Shawn - The research environment has not yet be updated to reflect the Quantopian 2 data or zipline version. We will be working on both in the coming days/weeks.
Grant - We might have a disagreement over what it means to "support 8000+ securities." There's no real-life use case for putting 8000 securities into your portfolio. What Quantopian 2 does enable is huge baskets of stocks that are selected from the full 8000, selected at any time. We've run successful tests with 1000 long names and 1000 short names. That's similar to the largest portfolios in quant funds today. Supporting that use case, and other related ones, is what we're interested in. We're not aiming for an arbitrary goal of holding one share of everything.

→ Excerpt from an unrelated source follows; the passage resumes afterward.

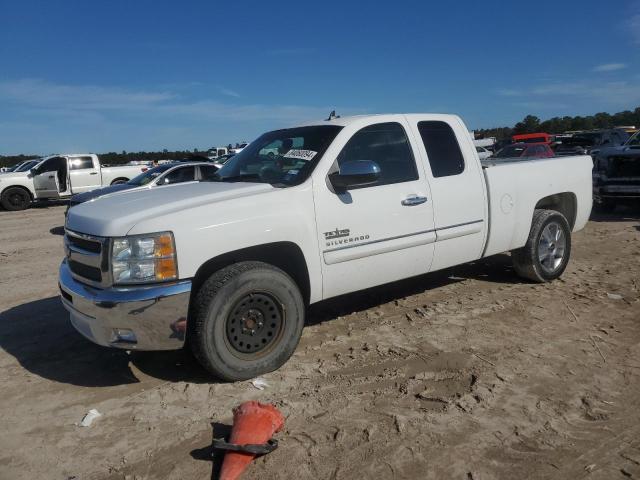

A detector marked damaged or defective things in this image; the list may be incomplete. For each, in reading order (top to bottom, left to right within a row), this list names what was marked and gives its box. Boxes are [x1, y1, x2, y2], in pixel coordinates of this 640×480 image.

damaged front bumper [58, 260, 190, 350]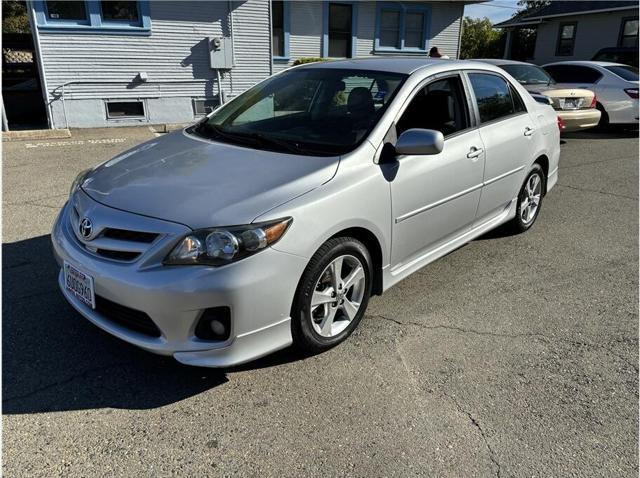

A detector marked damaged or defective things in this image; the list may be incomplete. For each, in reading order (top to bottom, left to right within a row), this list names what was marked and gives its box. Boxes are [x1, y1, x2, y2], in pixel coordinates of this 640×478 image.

I'm quite comfortable saying that we support 8000+ securities without supporting the buy-one-share-of-everything use case - it's not a useful, meaningful test.
The practical, technical limitation on how many stocks you can actually hold at any one time is related to the liquidity of the securities. The expensive computation in this area is doing the price lookup. Looking up a price for "now" is very fast. Looking up historical prices is more expensive. Illiquid securities trade infrequently, and the farther back in time we have to look for the most recent price, the more the computational cost increases. Baskets of 1000 long and 1000 short are possible on highly liquid stocks. If you trade in illiquid securities, the baskets will need to be smaller. Of course, constructing a basket of illiquid stocks is probably a bad idea - again, it's a use case that we're not aiming to support.